But, walk by my side, shoulder to shoulder. Eyes ahead. Ask me again. Of course I have regrets. And they are my allies. So long as I call them by their name. It was Dan Pink whose TED talk alerted me to the idea that when I turn my regrets inside out, I get a picture of what is actually important to me. My regret over something I have done, or more likely not done, as in a squandered opportunity, reveals a watermark of values that I might have lost sight of.

There are easy ones from long ago like one-night-stands. Always regretted them, regretted that submission to my lust, waking up depleted, the empty glare of the morning after. What of the watermark? Well clearly my desire is a clueless and beautiful beast that needs me to be it’s mahout. Secondly, love is a key ingredient for gratifying intimacy. Lessons from experience that the kids will have to learn for themselves. Regret here is a reliable teacher. So I will leave it to her.

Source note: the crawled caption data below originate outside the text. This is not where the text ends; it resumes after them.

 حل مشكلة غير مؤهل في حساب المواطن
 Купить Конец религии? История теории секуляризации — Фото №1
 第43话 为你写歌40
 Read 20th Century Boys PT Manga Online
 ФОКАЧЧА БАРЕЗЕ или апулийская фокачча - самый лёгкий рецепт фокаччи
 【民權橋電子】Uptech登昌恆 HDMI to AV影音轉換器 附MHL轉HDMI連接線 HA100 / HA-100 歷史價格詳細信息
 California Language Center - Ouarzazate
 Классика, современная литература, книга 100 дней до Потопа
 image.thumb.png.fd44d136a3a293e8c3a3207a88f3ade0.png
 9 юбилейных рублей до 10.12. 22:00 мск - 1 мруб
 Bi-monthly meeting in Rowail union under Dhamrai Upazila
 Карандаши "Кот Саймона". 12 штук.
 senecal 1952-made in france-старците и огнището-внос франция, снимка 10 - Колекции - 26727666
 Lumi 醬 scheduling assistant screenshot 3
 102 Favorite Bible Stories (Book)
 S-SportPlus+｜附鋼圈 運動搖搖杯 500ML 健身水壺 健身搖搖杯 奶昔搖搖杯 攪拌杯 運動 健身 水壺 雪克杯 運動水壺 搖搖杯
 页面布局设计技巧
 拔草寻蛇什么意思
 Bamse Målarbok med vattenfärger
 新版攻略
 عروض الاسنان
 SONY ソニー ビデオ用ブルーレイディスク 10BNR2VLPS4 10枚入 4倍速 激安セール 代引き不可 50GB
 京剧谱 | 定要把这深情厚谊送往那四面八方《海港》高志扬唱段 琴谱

What’s another easy one? I regret gambling on the stock market. In my mind it was never gambling. I had taken very pricey expert training and listened to the advice of many a showman. And I lost my pants. My shirt too. I believed that I was both smart and psychic and that the market would submit to my wishes. Straight gambling. Always just one more shot because it has got to turn around. Familiar to you too?

So what is the watermark of that regret? God is not personal and nor are the markets. The future is guesswork. The more confident a fortune teller, the further you run. Gambling is exciting. Pay and play and leave.

Your inventory of regrets they may sound something like mine. I am sure we all share a few.

I regret not doing the work to create the security I want in old age. I have moral regrets like not doing the right thing when rounding up my work hours. I have connection regrets like not reaching out to my exchange student mother until it was too late to let her know how much I admired her.

And they all translate into a value system of sorts. Yes, security is important to me, yes, I want to do the right thing, yes, I want to love and be loved, enmeshed in a community of plants, animals and people.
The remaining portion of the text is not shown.